Politeknik Negeri Nunukan ‘Lahirkan’ Tenaga Siap Kerja

Foto : Direktur Politeknik Negeri Nunukan, Arkas Viddy, SE., MM., Ph.D
NUNUKAN – Kehadiran Politeknik Negeri di Nunukan dapat dikatakan menjadi salah satu jawaban menyangkut angka pengangguran yang bersumber dari lulusan Perguruan Tinggi Umum (PTU). Tidak terkecuali di daerah ini, banyak lulusan PTU ternyata terpaksa menyandang status tuna karya.
Penyebabnya bukan semata-mata terbatasnya lowongan pekerjaan tapi dipengaruhi juga oleh SDM yang ternyata belum siap bekerja kendati menyandang status sarjana lulusan perguruan tinggi atau universitas.
“Saat ini, terkait kebutuhan industri, kebanyakan lapangan pekerjaan tersedia memang membutuhkan SDM yang siap bekerja, bukan tenaga yang baru mau belajar bekerja,” demikian dikatan Direktur Politeknik Negeri Nunukan, Arkas Viddy P.hD memberikan analisanya terkait hal tersebut.
Kondisi itu setidaknya memberi gambaran masih terdapat jarak antara kualitas lulusan perguruan tinggi dengan tuntutan kebutuhan dunia usaha dan industri saat ini.
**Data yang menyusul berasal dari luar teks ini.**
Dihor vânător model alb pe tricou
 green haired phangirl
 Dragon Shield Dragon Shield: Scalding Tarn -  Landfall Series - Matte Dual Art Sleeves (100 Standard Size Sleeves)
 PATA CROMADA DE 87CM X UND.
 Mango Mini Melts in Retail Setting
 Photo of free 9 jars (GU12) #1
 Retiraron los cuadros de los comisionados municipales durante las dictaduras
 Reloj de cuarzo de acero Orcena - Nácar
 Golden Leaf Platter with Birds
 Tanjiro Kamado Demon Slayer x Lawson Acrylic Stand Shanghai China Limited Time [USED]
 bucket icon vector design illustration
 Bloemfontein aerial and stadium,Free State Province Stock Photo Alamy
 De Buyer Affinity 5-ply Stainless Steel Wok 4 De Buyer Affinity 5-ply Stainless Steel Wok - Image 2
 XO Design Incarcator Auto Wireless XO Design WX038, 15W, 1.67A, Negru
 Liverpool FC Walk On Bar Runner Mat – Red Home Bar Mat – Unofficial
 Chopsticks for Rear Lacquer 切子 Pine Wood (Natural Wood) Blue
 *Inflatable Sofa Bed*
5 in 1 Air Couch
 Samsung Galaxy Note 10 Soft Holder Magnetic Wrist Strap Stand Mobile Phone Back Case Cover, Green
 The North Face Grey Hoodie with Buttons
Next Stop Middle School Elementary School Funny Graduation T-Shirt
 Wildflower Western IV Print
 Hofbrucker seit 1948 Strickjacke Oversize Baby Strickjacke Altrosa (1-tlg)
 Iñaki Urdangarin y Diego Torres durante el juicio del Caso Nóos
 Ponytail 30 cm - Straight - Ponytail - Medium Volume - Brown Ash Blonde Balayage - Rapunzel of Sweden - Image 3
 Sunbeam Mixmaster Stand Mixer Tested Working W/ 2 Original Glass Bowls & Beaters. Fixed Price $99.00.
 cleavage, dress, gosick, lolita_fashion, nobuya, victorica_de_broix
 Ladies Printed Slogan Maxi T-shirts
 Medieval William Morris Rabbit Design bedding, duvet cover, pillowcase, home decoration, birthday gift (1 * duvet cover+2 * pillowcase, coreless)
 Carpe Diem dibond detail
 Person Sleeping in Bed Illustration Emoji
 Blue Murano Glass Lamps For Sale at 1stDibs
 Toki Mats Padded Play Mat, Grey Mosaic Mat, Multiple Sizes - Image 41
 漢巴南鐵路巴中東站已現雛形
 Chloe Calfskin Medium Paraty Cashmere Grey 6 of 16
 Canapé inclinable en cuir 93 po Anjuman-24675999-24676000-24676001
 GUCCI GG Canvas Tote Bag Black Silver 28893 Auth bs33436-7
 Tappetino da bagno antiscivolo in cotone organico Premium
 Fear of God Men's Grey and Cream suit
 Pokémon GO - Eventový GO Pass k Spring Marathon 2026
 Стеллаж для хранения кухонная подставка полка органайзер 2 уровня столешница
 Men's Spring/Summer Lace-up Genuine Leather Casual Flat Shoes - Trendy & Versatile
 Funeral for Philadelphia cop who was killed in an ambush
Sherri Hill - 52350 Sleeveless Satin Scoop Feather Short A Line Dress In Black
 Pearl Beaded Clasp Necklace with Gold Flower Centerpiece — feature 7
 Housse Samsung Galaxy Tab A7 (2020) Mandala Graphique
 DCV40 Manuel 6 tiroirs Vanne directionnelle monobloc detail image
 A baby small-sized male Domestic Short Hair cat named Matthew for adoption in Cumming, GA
Walaupun penguasaan keilmuan merupakan hal yang penting, tentu tetap harus dibarengi dengan penguasaan keahlian tertentu.
Lalu bagaimana keberadaan Politeknik Negeri Nunukan dapat disebut sebagai jawaban terhadap persoalan yang dimaksudkan tadi. Menurut Arkas tentu saja pada sistem pembelajaran yang diterapkan pada perguruan vokasional seperti Politeknik dibanding PTU.

Politeknik, diterangkan Arkas, memiliki sistem pembelajaran yang mirip dengan dunia dilapangan kerja. Mengedepankan praktik langsung dengan alat-alat yang memang difasilitasi oleh kampus. Mahasiswa akan mampu menguasai dan memahami cara kerja alat-alat yang digunakan sesuai dunia kerja.
“Sebagai perguruan tinggi vokasional, Politeknik Negeri Nunukan tentunya mengarah pada lulusannya memiliki kompetensi sesuai kebutuhan industri dan siap kerja,” tegas Arkas.
Berdasar hasil tracer studi yang telah dilakukan oleh beberapa politeknik, menunjukkan bahwa yang paling diminati oleh industri atau dunia kerja adalah lulusan dari program Diploma III, karena Industri cenderung membutuhkan tenaga pelaksana pada level menengah.
Informasi ini ternyata sering luput dari perhatian masyarakat, karena pemahaman yang masih kurang tentang pendidikan Politeknik. Pemahaman masyarakat di Indonesia terhadap pendidikan vokasi, salah satunya Politeknik, masih seperti dituturkan Arkas Viddy, sangat berbeda dengan keadaannya di beberapa Negara maju.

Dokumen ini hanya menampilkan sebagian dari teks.